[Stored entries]
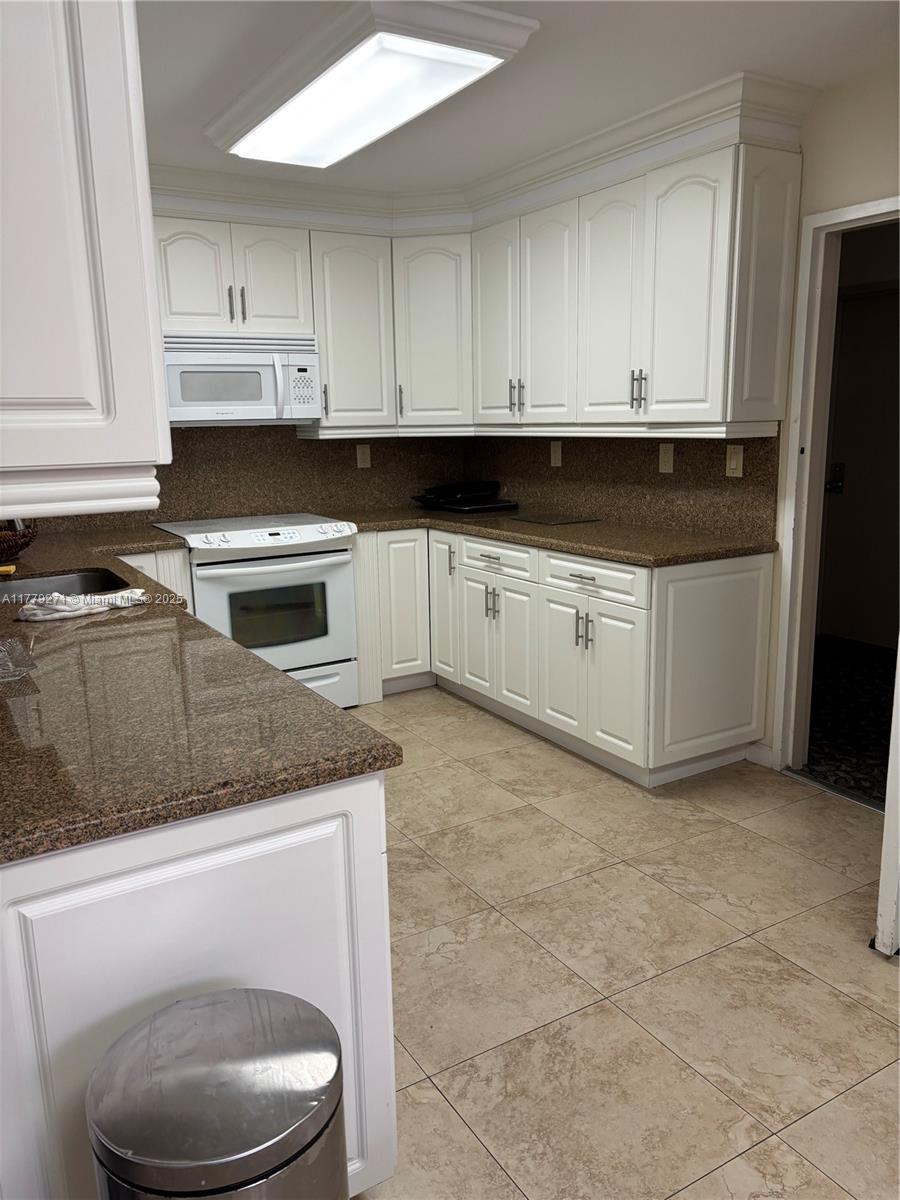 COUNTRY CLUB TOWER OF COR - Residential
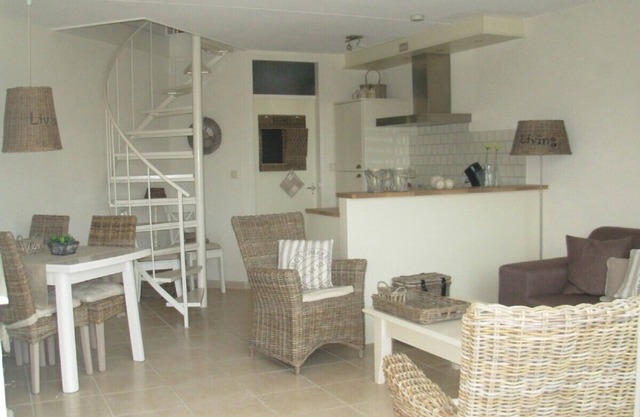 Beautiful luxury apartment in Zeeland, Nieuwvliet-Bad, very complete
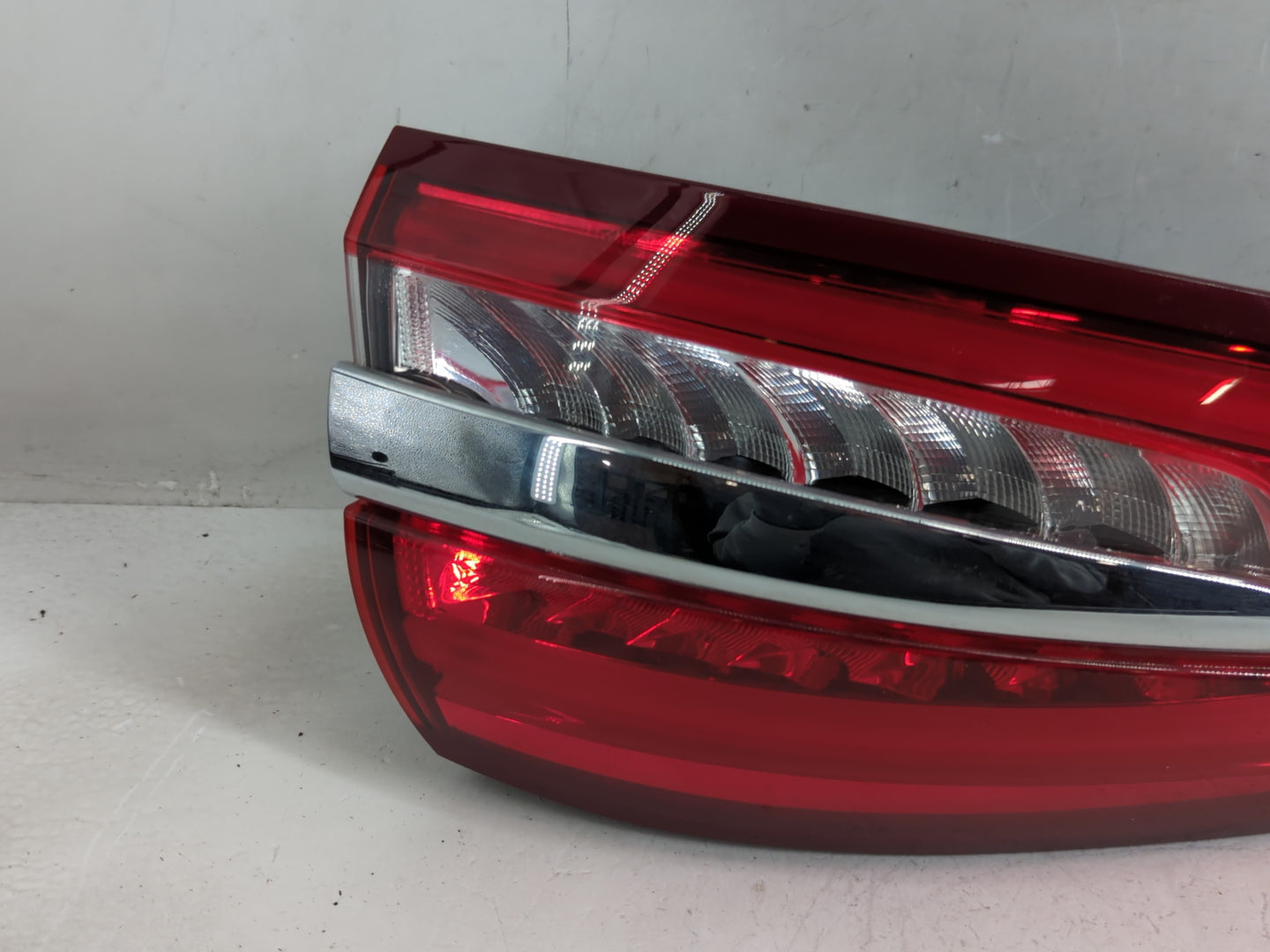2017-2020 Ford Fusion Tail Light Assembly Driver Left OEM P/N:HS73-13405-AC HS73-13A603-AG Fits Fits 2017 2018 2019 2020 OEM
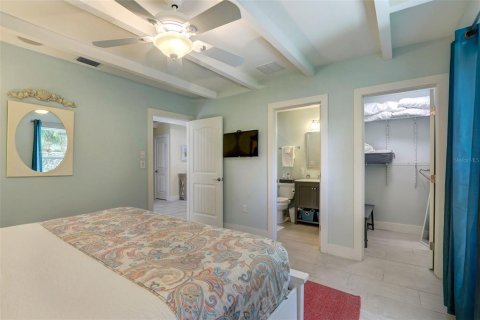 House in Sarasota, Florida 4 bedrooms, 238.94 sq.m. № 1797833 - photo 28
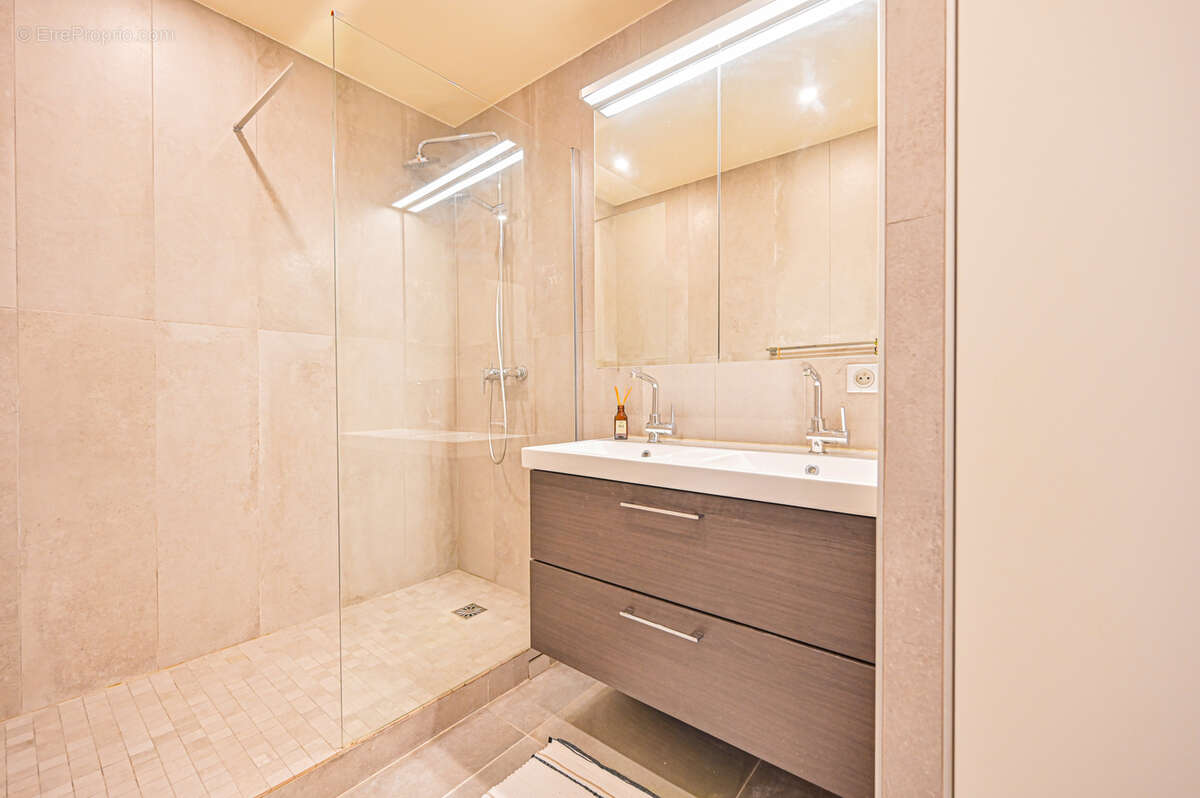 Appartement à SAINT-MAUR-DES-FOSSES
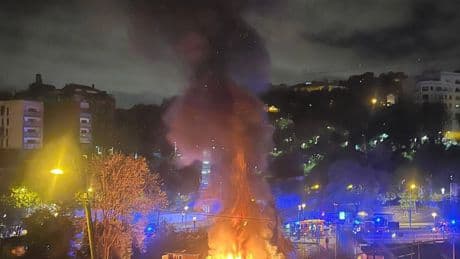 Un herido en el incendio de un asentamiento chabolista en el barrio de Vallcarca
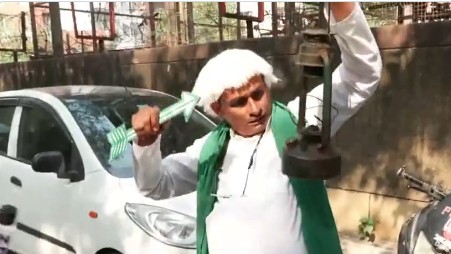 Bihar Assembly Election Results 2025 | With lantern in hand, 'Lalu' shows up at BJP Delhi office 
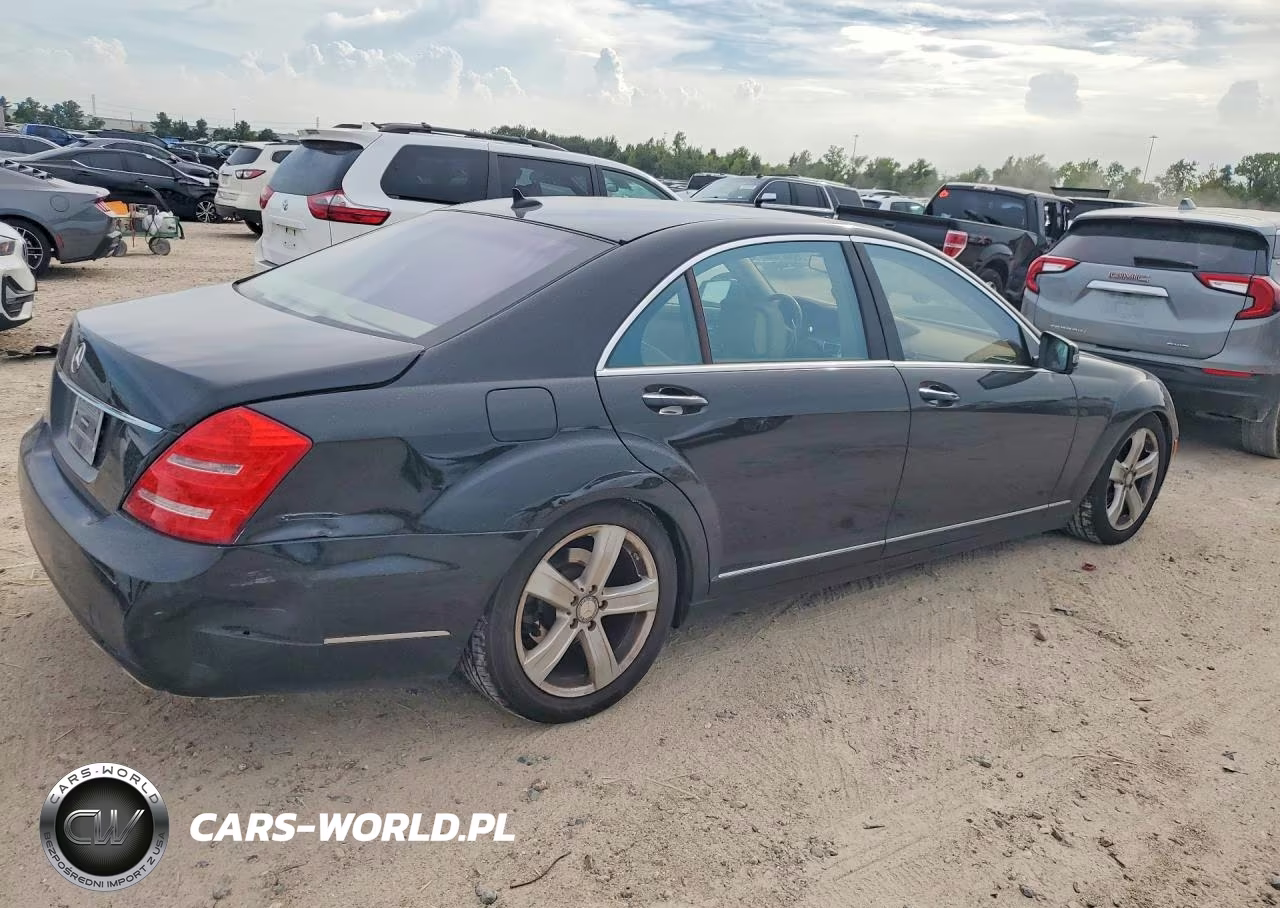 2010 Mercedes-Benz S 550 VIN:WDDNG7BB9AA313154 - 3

** Work order **
Print every entry above again, exactly as written. Leave the images out.

** Answer space **
 COUNTRY CLUB TOWER OF COR - Residential
 Beautiful luxury apartment in Zeeland, Nieuwvliet-Bad, very complete
2017-2020 Ford Fusion Tail Light Assembly Driver Left OEM P/N:HS73-13405-AC HS73-13A603-AG Fits Fits 2017 2018 2019 2020 OEM
 House in Sarasota, Florida 4 bedrooms, 238.94 sq.m. № 1797833 - photo 28
 Appartement à SAINT-MAUR-DES-FOSSES
 Un herido en el incendio de un asentamiento chabolista en el barrio de Vallcarca
 Bihar Assembly Election Results 2025 | With lantern in hand, 'Lalu' shows up at BJP Delhi office 
 2010 Mercedes-Benz S 550 VIN:WDDNG7BB9AA313154 - 3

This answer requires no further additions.